Впрочем, Северге было не до прелестей наследницы престола. Она не сводила взгляда с жены, которая еле стояла, то и дело закатывая глаза. Навья под маской скалилась и кусала губы: не подойти, не подхватить. Почему-то Темань не взяла с собой никого из своих приятельниц – может, не догадалась, а может, те сами не захотели пойти. Вот и вся цена их дружбы. Темани даже опереться не на кого было.

Зря навья так буравила супругу тревожным взглядом: та, будто что-то почувствовав, тоже посмотрела на неё. Разумеется, она не узнавала Севергу в облачении палача; её бледное, но прекрасное лицо выражало такое ледяное, пронзительное презрение и смертельную ненависть, что Севергу невольно охватило дыхание мороза среди лета. Конечно, вся ненависть Темани была предназначена палачу, который собирался лишить жизни её матушку, но стоило лишь снять маску – и то же самое получила бы сама Северга. «Если она узнает, я потеряю её», – давила на грудь угрюмая, лохматая, как волк, боль.

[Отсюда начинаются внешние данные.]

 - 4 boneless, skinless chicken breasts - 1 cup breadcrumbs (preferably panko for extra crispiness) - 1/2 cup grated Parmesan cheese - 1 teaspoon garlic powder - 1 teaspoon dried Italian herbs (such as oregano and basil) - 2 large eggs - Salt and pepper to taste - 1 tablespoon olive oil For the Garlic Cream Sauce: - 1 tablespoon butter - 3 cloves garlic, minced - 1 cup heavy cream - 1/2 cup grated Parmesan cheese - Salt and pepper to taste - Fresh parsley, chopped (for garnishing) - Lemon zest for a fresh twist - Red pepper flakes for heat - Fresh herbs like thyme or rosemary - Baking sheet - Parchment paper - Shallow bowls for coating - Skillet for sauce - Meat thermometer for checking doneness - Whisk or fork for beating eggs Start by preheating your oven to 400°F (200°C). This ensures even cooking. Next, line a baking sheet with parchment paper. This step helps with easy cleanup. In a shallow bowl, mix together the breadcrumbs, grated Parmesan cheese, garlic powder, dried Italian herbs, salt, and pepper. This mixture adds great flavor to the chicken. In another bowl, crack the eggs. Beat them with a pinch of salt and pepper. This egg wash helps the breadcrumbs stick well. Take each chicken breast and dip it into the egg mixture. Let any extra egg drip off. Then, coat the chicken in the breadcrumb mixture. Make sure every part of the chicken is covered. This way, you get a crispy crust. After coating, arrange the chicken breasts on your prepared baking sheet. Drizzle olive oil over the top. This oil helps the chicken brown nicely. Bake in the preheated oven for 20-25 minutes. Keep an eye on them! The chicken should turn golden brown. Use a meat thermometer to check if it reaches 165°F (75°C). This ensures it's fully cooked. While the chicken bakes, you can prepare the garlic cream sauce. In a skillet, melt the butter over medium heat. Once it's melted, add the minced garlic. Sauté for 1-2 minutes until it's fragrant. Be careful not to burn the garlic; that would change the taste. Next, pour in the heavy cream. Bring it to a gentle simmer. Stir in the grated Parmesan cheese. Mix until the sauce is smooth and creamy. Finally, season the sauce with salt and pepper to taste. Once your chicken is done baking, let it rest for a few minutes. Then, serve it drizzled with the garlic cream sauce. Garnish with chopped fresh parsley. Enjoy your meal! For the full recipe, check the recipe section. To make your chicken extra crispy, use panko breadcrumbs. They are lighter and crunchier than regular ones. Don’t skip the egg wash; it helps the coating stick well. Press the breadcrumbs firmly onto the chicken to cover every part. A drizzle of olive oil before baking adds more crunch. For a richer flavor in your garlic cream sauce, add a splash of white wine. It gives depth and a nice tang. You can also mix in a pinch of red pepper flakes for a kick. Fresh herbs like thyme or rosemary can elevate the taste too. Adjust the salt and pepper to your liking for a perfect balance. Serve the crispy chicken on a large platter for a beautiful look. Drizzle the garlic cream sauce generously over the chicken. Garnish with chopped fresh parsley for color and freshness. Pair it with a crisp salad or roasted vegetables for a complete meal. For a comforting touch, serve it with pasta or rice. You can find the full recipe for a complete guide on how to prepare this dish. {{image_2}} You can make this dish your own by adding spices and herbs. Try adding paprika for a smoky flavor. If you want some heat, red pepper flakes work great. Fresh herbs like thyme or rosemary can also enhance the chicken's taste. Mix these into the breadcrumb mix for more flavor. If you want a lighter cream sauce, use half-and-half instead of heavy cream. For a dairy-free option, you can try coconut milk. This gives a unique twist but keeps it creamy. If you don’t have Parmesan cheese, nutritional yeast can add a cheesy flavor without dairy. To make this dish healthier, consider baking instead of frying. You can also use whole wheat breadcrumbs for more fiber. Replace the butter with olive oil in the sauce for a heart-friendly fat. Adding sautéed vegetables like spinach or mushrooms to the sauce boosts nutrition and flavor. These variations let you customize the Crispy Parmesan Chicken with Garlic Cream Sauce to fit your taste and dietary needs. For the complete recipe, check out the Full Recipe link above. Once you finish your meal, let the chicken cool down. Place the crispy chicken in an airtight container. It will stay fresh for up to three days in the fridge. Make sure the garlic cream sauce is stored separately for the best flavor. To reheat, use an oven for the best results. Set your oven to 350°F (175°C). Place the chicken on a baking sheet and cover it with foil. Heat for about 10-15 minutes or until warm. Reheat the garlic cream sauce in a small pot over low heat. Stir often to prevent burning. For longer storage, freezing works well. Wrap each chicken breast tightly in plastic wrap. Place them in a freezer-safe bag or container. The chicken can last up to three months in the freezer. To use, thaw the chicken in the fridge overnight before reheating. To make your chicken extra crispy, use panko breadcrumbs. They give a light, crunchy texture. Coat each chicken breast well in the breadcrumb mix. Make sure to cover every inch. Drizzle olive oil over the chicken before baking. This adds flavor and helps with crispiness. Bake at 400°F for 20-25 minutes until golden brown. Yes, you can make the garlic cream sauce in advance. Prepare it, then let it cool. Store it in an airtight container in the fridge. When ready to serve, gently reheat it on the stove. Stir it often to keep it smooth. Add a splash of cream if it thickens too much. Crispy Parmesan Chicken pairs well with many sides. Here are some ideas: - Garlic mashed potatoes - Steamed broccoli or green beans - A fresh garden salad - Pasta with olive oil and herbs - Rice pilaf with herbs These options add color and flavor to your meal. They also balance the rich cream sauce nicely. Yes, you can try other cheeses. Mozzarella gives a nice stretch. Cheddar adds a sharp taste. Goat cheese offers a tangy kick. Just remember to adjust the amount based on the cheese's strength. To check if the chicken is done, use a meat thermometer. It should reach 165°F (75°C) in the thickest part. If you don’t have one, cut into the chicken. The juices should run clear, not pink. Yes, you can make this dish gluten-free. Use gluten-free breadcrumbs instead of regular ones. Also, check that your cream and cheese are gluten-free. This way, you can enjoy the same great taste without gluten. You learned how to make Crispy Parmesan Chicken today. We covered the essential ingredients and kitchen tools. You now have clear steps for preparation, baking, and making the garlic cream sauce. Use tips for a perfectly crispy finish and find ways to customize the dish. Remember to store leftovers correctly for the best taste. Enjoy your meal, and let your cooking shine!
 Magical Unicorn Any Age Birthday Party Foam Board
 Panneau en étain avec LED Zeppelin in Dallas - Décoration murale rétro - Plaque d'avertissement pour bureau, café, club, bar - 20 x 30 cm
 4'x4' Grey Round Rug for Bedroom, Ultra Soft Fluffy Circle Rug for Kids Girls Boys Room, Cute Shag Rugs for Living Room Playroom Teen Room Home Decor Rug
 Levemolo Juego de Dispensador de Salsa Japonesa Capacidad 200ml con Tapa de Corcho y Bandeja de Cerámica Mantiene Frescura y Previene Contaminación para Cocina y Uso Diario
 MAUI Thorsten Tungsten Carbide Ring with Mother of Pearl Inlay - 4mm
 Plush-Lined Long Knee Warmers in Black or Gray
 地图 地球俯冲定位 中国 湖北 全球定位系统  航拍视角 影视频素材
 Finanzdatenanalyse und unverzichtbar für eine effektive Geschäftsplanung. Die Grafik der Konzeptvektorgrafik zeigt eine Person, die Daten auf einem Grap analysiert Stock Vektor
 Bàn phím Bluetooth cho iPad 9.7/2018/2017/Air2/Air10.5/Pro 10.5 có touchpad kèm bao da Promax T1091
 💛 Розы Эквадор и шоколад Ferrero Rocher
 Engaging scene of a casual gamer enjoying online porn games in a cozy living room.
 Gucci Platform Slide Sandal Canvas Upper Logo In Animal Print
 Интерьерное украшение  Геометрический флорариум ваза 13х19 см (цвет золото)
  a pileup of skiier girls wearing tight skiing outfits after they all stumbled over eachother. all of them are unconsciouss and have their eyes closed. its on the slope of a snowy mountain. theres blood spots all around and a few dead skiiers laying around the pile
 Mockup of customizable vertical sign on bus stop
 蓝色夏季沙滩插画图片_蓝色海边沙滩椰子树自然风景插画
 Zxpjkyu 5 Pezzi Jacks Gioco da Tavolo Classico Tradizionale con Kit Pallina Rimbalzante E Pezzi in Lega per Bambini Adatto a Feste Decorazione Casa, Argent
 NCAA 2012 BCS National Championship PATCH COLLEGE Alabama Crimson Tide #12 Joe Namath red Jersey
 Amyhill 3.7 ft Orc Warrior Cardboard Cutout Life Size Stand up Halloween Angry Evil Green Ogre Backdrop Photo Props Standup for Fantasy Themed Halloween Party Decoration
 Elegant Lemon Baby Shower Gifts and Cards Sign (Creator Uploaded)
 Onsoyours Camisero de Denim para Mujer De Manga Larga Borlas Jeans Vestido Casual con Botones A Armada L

Вот показалась наконец повозка с осуждённой. На свидании госпожа Раннвирд держалась бодрее, а сейчас её круглое лицо как-то разом осунулось, глаза мертвенно ввалились, став тусклыми, пустыми. Это была печать смерти, печать обречённости. Северга неотступно следила за Теманью; у той при виде матушки градом покатились по лицу слёзы. Начали зачитывать приговор, но Северга не вслушивалась. «Только не падай, крошка, только не падай, – мысленно молила она жену. – Я не смогу тебя подхватить».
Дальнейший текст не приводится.